First-of-its-kind, the SIOPE Society Day (27th January 2017, Amsterdam, the Netherlands) presented the latest innovations and ideas on how to address the issues encountered by childhood cancer patients and survivors, as well the role of the SIOPE Strategic Plan in the EU Agenda.
Very importantly, the EU Commissioner for Health and Food Safety V. Andriukaitis made a Special Address at this event. “Children first!” was his motto, as he showed his great support to the SIOPE Strategic Plan and appreciation of our initiatives. He finished his speech by reiterating that reducing the burden of childhood cancer is an important priority for the future EU health policy measures.
The day kicked off with the SIOPE Education Session and, more specifically, with a session on junior researchers in the field of childhood cancer. Representatives from the SIOP Young Investigators Network explained what is needed to encourage them to become the next generation of experts in paediatric haemato-oncology.
The current experts then shared their latest research advances and lessons learnt in the management of childhood cancers. SIOPE Board Member S. Bielack described the distinct features, needs and different outcomes of teenagers and young adults with cancer. The same topic was also covered by A. Ferrari, who explained the even bigger challenge occurring when this age-group suffers from very rare cancers. Both experiences led to cooperative initiatives between paediatric and adult oncology such as the pan-European ExPERT group (European Cooperative Study Group for Paediatric Rare Tumours) and the SIOPE-ESMO AYA Working Group. An educational session on paediatric oncology drug development led by G. Vassal explained the most urgent needs in this field: to base the development of new childhood cancer treatments on the drug’s mechanism of action, to reduce the delays in the start of paediatric development, to introduce a different concept of drug prioritisation as well as a more effective investment scheme.
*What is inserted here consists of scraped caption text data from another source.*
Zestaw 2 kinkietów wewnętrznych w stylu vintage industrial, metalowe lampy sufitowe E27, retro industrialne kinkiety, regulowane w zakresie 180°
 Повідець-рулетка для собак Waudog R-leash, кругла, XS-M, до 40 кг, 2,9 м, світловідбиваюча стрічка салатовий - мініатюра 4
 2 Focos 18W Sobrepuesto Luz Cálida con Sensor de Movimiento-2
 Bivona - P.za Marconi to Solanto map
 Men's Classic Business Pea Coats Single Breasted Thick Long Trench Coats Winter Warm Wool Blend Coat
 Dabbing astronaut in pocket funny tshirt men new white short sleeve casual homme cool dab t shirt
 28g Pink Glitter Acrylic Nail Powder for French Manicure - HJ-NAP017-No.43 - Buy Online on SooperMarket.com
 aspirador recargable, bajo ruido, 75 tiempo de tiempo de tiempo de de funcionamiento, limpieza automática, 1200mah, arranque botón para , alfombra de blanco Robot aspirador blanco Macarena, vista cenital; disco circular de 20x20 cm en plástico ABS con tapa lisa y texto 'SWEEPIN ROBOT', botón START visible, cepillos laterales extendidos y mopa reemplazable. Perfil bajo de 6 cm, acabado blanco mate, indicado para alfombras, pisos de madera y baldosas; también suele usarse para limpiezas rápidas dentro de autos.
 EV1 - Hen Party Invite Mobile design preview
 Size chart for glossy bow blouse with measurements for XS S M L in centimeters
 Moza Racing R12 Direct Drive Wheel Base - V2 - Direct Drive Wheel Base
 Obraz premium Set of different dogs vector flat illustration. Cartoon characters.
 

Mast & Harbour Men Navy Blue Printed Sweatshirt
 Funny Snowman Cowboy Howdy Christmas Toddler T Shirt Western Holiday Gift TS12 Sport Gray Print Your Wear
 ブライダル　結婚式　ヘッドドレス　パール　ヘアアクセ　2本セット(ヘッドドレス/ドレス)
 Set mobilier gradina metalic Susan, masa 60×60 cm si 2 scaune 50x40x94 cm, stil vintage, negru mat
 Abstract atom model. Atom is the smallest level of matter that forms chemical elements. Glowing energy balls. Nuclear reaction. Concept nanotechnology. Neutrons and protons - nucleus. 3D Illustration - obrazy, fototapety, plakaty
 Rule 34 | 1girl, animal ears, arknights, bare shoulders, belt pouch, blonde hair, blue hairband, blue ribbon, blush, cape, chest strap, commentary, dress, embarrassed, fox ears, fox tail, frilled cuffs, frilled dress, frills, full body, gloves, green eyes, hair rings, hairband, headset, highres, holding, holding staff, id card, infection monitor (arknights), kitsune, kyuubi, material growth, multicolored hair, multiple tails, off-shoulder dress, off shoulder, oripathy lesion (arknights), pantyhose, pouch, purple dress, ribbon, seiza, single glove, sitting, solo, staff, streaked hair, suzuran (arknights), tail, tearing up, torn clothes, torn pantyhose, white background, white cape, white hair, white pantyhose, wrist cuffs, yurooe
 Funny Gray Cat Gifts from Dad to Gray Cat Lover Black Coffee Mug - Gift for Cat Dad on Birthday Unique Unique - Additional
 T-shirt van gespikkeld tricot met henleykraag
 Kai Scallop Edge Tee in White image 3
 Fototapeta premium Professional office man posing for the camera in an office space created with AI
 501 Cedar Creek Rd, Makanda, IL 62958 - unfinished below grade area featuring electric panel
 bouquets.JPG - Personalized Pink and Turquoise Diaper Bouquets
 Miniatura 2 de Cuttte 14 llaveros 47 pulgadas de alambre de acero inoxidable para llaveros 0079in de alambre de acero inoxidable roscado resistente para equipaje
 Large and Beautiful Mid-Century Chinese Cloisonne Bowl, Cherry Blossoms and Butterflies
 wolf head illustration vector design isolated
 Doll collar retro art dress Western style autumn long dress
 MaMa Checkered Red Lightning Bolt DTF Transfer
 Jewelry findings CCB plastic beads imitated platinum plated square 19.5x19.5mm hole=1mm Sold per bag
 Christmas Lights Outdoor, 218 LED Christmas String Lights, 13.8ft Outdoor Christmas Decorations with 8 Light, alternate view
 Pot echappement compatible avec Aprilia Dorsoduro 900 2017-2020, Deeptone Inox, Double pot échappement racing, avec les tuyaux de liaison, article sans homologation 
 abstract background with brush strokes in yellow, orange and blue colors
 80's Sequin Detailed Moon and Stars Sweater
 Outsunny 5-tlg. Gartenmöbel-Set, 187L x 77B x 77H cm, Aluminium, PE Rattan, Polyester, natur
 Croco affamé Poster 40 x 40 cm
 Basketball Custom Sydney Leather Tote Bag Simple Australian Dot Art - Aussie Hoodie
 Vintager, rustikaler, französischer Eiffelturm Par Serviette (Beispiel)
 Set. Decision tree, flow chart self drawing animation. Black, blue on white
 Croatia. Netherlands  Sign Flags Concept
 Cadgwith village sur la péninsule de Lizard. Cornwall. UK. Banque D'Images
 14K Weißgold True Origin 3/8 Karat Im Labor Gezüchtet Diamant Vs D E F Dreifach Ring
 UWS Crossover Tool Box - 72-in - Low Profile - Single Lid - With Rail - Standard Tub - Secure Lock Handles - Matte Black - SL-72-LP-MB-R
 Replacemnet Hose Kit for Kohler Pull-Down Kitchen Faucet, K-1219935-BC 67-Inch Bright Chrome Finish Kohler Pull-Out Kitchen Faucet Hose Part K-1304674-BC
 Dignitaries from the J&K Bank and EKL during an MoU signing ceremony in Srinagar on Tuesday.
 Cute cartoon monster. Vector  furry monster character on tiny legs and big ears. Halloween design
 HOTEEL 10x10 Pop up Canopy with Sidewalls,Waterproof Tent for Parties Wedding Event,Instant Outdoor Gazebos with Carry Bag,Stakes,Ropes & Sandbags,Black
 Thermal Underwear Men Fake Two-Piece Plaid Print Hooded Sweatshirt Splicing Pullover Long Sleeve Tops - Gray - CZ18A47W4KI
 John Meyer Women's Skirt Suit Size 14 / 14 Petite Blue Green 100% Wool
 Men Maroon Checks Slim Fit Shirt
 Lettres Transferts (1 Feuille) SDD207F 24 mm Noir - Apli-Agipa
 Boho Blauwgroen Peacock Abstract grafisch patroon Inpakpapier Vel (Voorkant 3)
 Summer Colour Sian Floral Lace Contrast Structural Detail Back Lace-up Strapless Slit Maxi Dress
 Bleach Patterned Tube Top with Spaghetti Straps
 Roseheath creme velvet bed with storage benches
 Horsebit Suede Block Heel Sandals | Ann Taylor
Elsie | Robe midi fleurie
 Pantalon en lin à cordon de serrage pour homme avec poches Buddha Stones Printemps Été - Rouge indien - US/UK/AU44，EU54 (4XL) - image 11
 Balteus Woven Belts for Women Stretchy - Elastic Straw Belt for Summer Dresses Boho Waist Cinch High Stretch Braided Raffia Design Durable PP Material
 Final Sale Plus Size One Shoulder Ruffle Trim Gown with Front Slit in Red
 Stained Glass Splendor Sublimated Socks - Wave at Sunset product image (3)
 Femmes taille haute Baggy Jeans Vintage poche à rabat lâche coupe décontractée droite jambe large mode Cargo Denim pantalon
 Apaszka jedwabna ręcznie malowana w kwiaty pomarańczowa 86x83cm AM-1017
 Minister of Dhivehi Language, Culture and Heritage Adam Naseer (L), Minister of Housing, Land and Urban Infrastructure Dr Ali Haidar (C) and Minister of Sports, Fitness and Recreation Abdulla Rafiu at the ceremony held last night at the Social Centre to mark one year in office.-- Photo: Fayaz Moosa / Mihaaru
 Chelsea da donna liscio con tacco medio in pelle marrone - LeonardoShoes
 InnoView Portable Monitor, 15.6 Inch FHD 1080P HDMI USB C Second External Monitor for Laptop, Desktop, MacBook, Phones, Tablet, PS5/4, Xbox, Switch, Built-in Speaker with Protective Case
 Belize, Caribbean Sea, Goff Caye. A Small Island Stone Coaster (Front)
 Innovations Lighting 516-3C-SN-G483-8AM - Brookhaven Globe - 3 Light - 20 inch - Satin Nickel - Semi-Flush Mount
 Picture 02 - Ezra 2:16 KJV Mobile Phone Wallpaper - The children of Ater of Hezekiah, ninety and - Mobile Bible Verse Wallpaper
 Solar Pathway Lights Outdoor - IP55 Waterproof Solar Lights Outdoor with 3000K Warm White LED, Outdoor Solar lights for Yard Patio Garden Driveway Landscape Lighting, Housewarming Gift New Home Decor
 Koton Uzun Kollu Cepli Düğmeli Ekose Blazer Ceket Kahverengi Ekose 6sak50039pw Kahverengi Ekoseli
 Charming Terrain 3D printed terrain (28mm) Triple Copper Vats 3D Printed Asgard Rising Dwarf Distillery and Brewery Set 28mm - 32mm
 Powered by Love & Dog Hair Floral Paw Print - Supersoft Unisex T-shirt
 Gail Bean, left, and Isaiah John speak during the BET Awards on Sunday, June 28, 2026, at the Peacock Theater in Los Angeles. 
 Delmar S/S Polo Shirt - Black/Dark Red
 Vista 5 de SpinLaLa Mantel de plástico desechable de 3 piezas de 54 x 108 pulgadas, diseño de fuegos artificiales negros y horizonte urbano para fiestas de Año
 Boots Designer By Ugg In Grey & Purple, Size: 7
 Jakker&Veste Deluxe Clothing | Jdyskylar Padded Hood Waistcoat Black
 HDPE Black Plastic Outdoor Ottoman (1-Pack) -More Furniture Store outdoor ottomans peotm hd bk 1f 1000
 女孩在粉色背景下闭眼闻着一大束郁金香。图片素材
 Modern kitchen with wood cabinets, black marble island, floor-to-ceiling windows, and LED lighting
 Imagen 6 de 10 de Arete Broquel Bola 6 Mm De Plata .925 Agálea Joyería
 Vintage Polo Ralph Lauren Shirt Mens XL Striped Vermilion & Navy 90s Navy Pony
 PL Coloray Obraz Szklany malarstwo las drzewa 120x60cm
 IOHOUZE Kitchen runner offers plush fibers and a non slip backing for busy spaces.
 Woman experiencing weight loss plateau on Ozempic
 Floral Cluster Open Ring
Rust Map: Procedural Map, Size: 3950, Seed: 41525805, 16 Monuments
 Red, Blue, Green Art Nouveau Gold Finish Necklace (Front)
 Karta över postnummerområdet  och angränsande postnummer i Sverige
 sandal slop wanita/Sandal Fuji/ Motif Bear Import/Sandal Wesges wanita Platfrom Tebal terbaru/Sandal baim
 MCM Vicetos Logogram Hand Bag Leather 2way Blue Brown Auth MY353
He concluded by introducing the work done by the SIOPE-ITCC-CDDF platform ‘ACCELERATE - Innovation for Children with Cancer’ – currently coordinating multi-stakeholder initiatives to address the existing bottlenecks in this field – and invited everyone to participate in the upcoming ACCELERATE Paediatric Oncology Conference on March 2-3, 2017 in Brussels (BE).
Representatives from the European Commission (DG Research, DG Health and DG Connect) agreed to be part of the SIOPE Society Day, and illustrated some of the available opportunities offered at the EU-level to address the Plan’s objectives. The meeting ended with 4 parallel interactive Panel Discussions focusing on research, public health and information and communication technology (ICT). Participants were invited to join each of these thematic groups, engage with EU Experts and ask targeted questions to the speakers in a personalised manner. In a session about childhood clinical trials in Europe, SIOPE President Elect P. Kearns explained the current perspectives after the 2014 adoption of the Clinical Trial Regulation (CTR). The SIOPE Strategic Plan included the provision for a ‘Clinical Trial Facilitation platform’ to assess the needs of the childhood cancer research community and produce guidance documents simplifying the setup of clinical trials on paediatric cancer. R. Pieters illustrated the progress made by paediatric oncology research in the past decades, taking the example of how clinical trials addressing acute lymphoblastic leukaemia (ALL) managed to greatly improve the outcomes in young patients. A. Biondi (Italy) developed the important subject of immunotherapy even more in depth, exemplifying the successful case of melanoma and ALL.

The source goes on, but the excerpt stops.